• [Task details]:
In the material below, the lines from the one containing "Overhead view of" through the one containing "Close-up of a" are to be given again exactly, ends included, and no others.

• [Dataset records]:
####
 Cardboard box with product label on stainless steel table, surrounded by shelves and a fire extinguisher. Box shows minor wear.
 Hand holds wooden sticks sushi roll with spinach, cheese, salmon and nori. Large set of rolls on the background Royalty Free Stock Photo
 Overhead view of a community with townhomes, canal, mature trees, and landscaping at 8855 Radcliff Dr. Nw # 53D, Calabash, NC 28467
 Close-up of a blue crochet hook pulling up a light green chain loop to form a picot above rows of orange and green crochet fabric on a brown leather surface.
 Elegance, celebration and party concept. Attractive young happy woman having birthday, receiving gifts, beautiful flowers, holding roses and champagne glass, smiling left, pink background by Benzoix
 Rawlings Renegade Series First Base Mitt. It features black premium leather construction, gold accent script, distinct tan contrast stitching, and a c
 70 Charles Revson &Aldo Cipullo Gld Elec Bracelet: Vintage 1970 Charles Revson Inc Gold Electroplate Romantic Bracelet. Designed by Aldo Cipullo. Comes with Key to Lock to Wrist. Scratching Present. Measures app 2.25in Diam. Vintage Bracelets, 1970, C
####
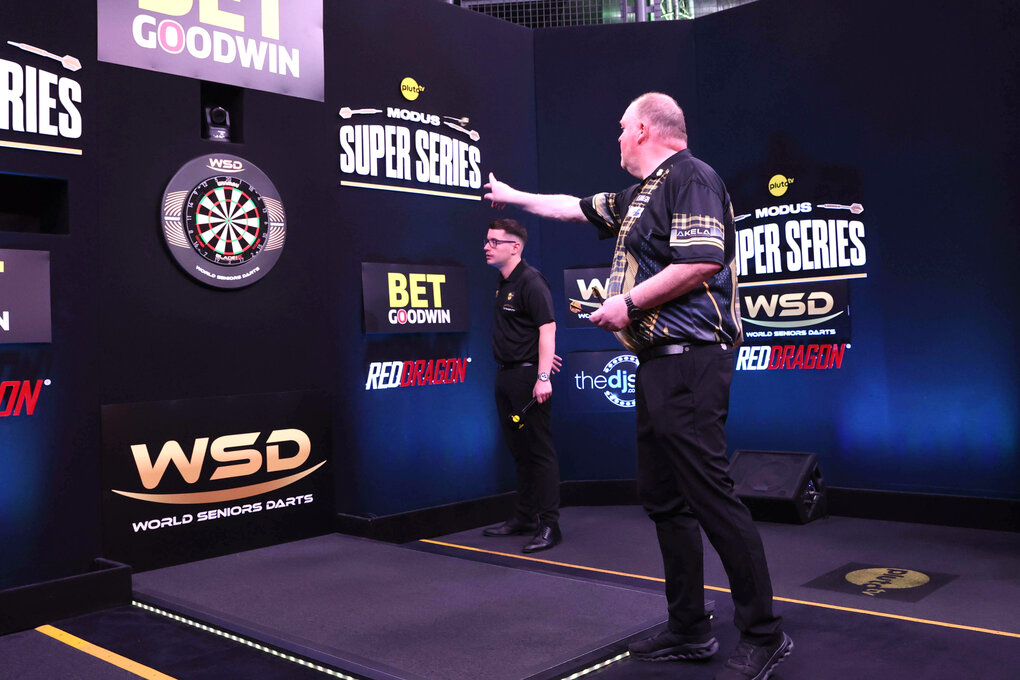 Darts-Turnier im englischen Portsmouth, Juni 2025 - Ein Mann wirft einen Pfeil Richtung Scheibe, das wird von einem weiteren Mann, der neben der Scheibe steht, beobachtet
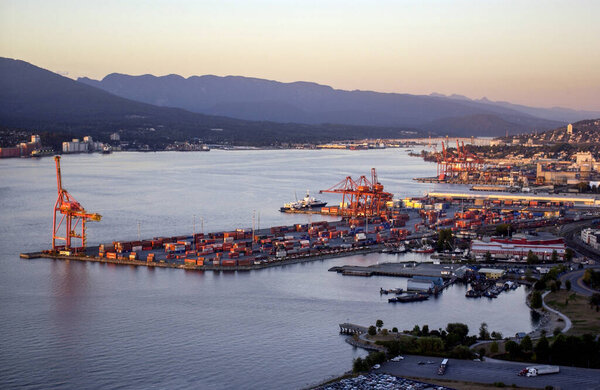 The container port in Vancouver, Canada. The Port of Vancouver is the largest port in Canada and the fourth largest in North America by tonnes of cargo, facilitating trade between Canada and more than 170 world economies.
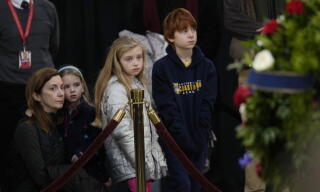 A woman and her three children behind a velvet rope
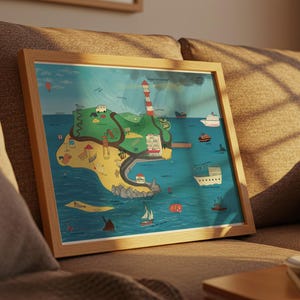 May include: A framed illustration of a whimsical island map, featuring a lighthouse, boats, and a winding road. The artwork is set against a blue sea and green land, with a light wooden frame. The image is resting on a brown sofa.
####
• [Expected answer]:
 Overhead view of a community with townhomes, canal, mature trees, and landscaping at 8855 Radcliff Dr. Nw # 53D, Calabash, NC 28467
 Close-up of a blue crochet hook pulling up a light green chain loop to form a picot above rows of orange and green crochet fabric on a brown leather surface.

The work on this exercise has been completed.